At approximately 8:50 p.m. on October 23, 2009, two police officers responded to a domestic dispute call at an apartment at which the defendant and his girlfriend resided. After determining that the girlfriend had made the 911 emergency telephone call, the officers separated the parties for interviews. While one officer remained just outside of the apartment door with the defendant, the second officer accompanied the girlfriend into the apartment. During this officer’s interview of the girlfriend, she *914led him to a closet and opened a drawer, revealing three guns and ammunition. The defendant was arrested, and the girlfriend signed a statement memorializing her consent to the search. Subsequently, the defendant waived his Miranda rights (see Miranda v Arizona, 384 US 436 [1966]) and wrote out a statement.

The defendant moved to suppress the physical evidence and the written statement. The hearing court granted the motion, and the People appeal.

Warrantless searches are “per se unreasonable under the Fourth Amendment subject only to a few specifically established and well-delineated exceptions” (Katz v United States, 389 US 347, 357 [1967]). One exception is that “the police may lawfully conduct a warrantless search when they have obtained the voluntary consent of a party who possesses the requisite degree of authority and control over the premises or personal property in question” (People v Cosme, 48 NY2d 286, 290 [1979]; see People v Kelly, 58 AD3d 868, 869 [2009]).

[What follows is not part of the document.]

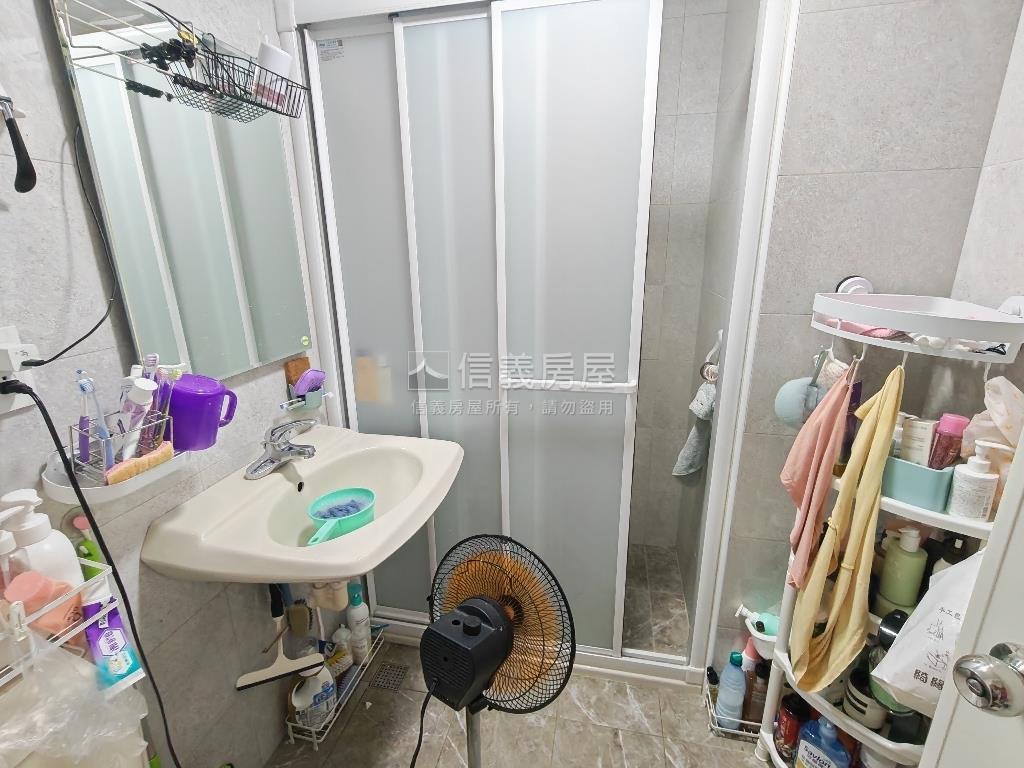 豪鎮２＋１美美靓靓宅房屋室內格局與周邊環境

In Georgia v Randolph (547 US 103 [2006]), the Supreme Court “carved out a very simple, clear, and narrow exception to a co-occupant’s consent to the search of an area over which the co-occupant has common authority” (United States v Lopez, 2007 WL 2696595, *6, 2007 US Dist LEXIS 66937, *15-16 [D Conn 2007], affd 547 F3d 397 [2d Cir 2008], cert denied 556 US 1138 [2009]). The Court held that when law enforcement officers conduct a search, authorized by one co-occupant of a premises, over the express objection of another co-occupant, any further search would be unreasonable as to the objecting co-occupant (see Georgia v Randolph, 547 US 103 [2006]). The Court continued to “draw[ ] a fine line,” and held that if a potential objector is present and objects to a search, a co-occupant’s consent does not suffice for a reasonable search, whereas a potential objector who is “nearby but not invited to take part in the threshold colloquy, loses out” (id. at 121; see United States v Lopez, 547 F3d at 400). The only limitation is that the police may not remove the potentially objecting occupant for the purpose of avoiding a possible objection (see United States v Lopez, 547 F3d at 400).

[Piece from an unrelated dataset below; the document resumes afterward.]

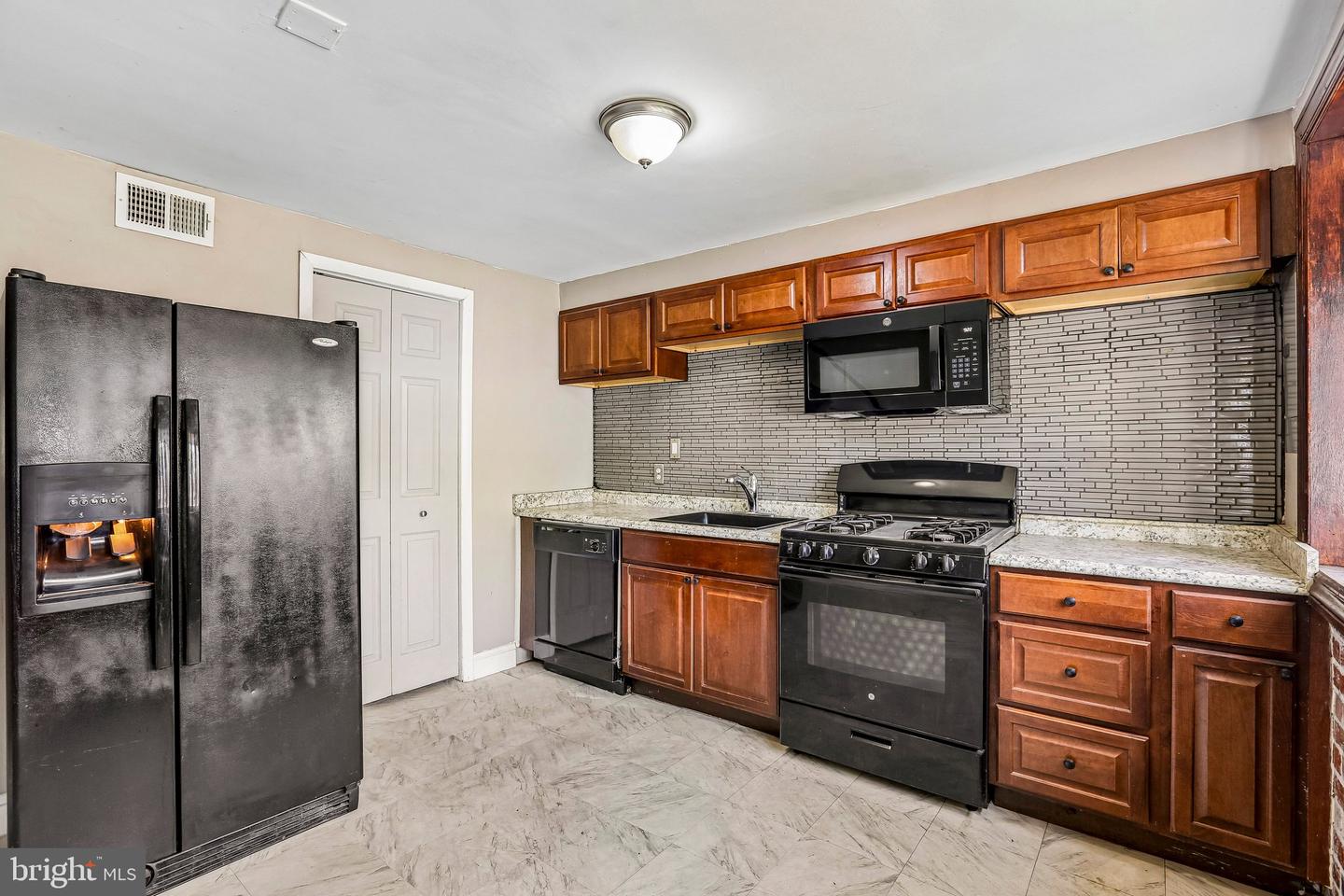 454 Bigley Ave Property Photo 16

Here, the hearing court erroneously concluded that, in order for the search to be valid, the police officers were required to obtain consent not only from the defendant’s girlfriend, who resided with the defendant, but from the defendant as well. “[L]aw enforcement officers are under no affirmative obligation to request consent from a potentially objecting co-occupant before acting on permission they received from another oc*915cupant” (id. at 400; see Georgia v Randolph, 547 US at 122). Rather, the “onus was on [the defendant] to object to the search” (United States v Lopez, 547 F3d at 400). Moreover, there was no indication that the officers removed the defendant for the purpose of avoiding his potential objection, or that the officers separated the defendant from his girlfriend in order to conceal from him that they would ask her for consent to conduct a search.

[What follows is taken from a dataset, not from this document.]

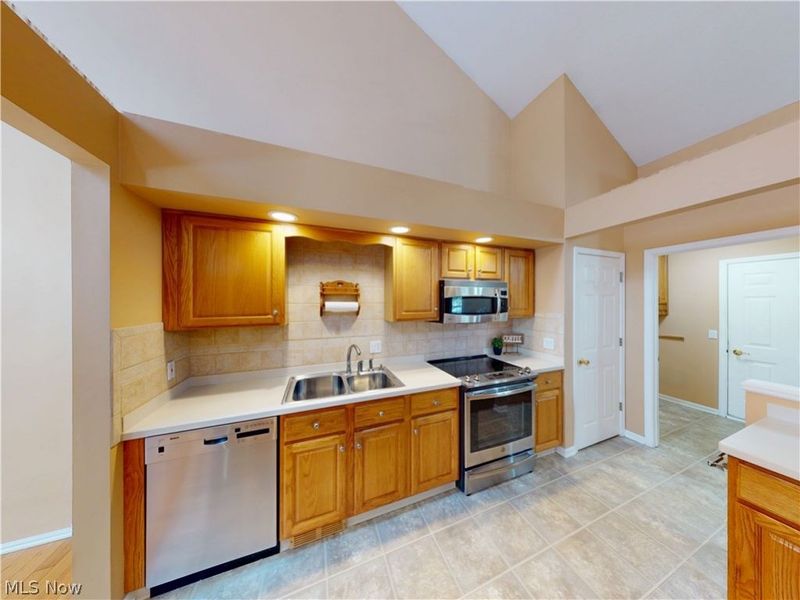 551 Daleview Drive, Aurora, OH 44202 Photo 13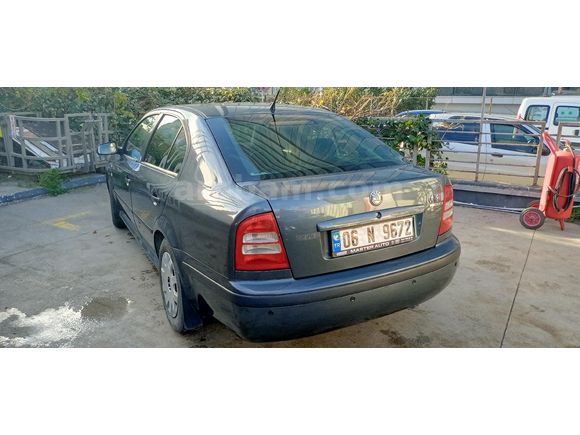 Sahibinden Skoda Octavia 1.6 Ambiente 2005 Model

Accordingly, the hearing court erred in suppressing the physical evidence (see United States u Lopez, 547 F3d 397 [2008]; United States v Parker, 469 F3d 1074, 1078 [2006]). Furthermore, as the search was valid, the defendant’s written statement should not have been suppressed as the fruit of the poisonous tree (see People v Mais, 71 AD3d 1163, 1165 [2010]; see generally Wong Sun v United States, 371 US 471, 488 [1963]). Dillon, J.P., Leventhal, Austin and Miller, JJ., concur.